4.4.2. Blijkens de aanvulling op het verkorte arrest als bedoeld in art. 365a, tweede lid, Sv heeft het Hof tot het bewijs gebruikt een ambtsedig proces-verbaal van 10 november 1999 van M.W.G. Peters en H.B.A. Groen, onderscheidenlijk hoofdagent en brigadier bij de regiopolitie Amsterdam-Amstelland, dat - voorzover hier van belang en zakelijk weergegeven - inhoudt dat op 2 augustus 1999 huiszoeking is verricht in het perceel [a-straat 1] te 's-Gravenhage en een ambtsedig proces-verbaal van R. de Vries, brigadier van de regiopolitie Amsterdam-Amstelland, dat - voorzover hier van belang en zakelijk weergegeven - eveneens inhoudt dat op 2 augustus 1999 huiszoeking is verricht in het perceel [a-straat 1] te 's-Gravenhage.
4.4.3. Het Hof heeft aan het slot van zijn hierboven onder 4.2 weergegeven overweging vastgesteld dat de machtiging tot binnentreden van de woning [a-straat 1] te 's-Gravenhage om aldaar huiszoeking ter inbeslagneming te verrichten, op dinsdag 3 augustus 1999 is gegeven, dus ná de aanvang van de huiszoeking.
4.5. De klacht dat de woning voor het doen van huiszoeking is binnengetreden zonder dat daartoe (op enig moment) een machtiging was afgegeven, mist, gelet op hetgeen hiervoor onder 4.4.3 is overwogen, feitelijke grondslag.
4.6. Voorzover het middel echter ook de klacht bevat dat die machtiging niet voorafgaand aan de binnentreding voor het doen van huiszoeking was afgegeven, is het evenwel, zoals hiervoor onder 4.4.3 weergegeven, terecht voorgesteld. Het oordeel van het Hof dat de omstandigheid dat de machtiging tot binnentreden van de woning is gegeven na de huiszoeking niet aan de bevoegdheid tot binnentreden afdoet, is onjuist. De schriftelijke machtiging als bedoeld in art. 2, eerste lid, Awbi dient voorafgaand aan het binnentreden door de daartoe bevoegde autoriteit te worden verschaft.

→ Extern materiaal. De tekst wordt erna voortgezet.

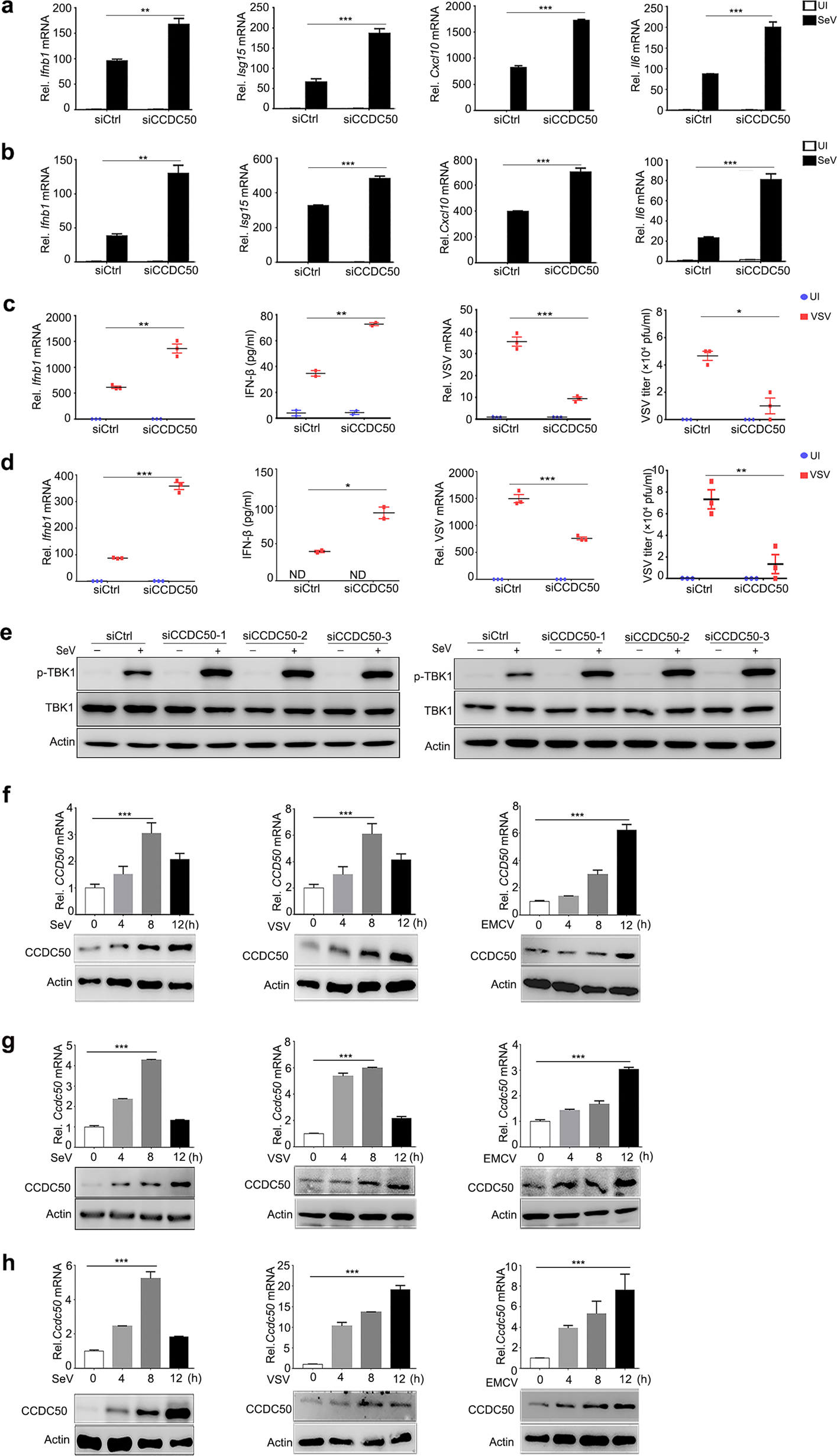 A novel selective autophagy receptor, CCDC50, delivers K63  polyubiquitination-activated RIG-I/MDA5 for degradation during viral  infection | Cell Research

4.7. In zoverre is het middel terecht voorgesteld.
5. Slotsom
Hetgeen hiervoor is overwogen brengt mee dat de bestreden uitspraak niet in stand kan blijven en verwijzing moet volgen. De rechter naar wie de zaak wordt verwezen, zal, mede gelet op het zich bij de stukken bevindende proces-verbaal van J.W. Pietjou, brigadier-rechercheur van de Regiopolitie Amsterdam-Amstelland, nummer 0251-001-199, van 4 augustus 1999, dienen na te gaan of de schriftelijke machtiging tot binnentreding in de woning voor het doen van huiszoeking is afgegeven vóór de binnentreding. Indien de rechter naar wie de zaak wordt verwezen vaststelt dat dit laatste niet is geschied, verdient het opmerking dat, gelet op art. 359a Sv, een onrechtmatigheid als waarvan dan sprake zal zijn, niet zonder meer tot bewijsuitsluiting behoeft te leiden (vgl. HR 25 juni 2002, nr. 3082/00, LJN AD9204).
6. Beslissing
De Hoge Raad:
Vernietigt de bestreden uitspraak;
Verwijst de zaak naar het Gerechtshof te 's-Gravenhage, opdat de zaak op het bestaande hoger beroep opnieuw wordt berecht en afgedaan.
Dit arrest is gewezen door de vice-president W.J.M. Davids als voorzitter, en de raadsheren G.J.M. Corstens en E.J. Numann, in bijzijn van de griffier S.P. Bakker, en uitgesproken op 2 juli 2002.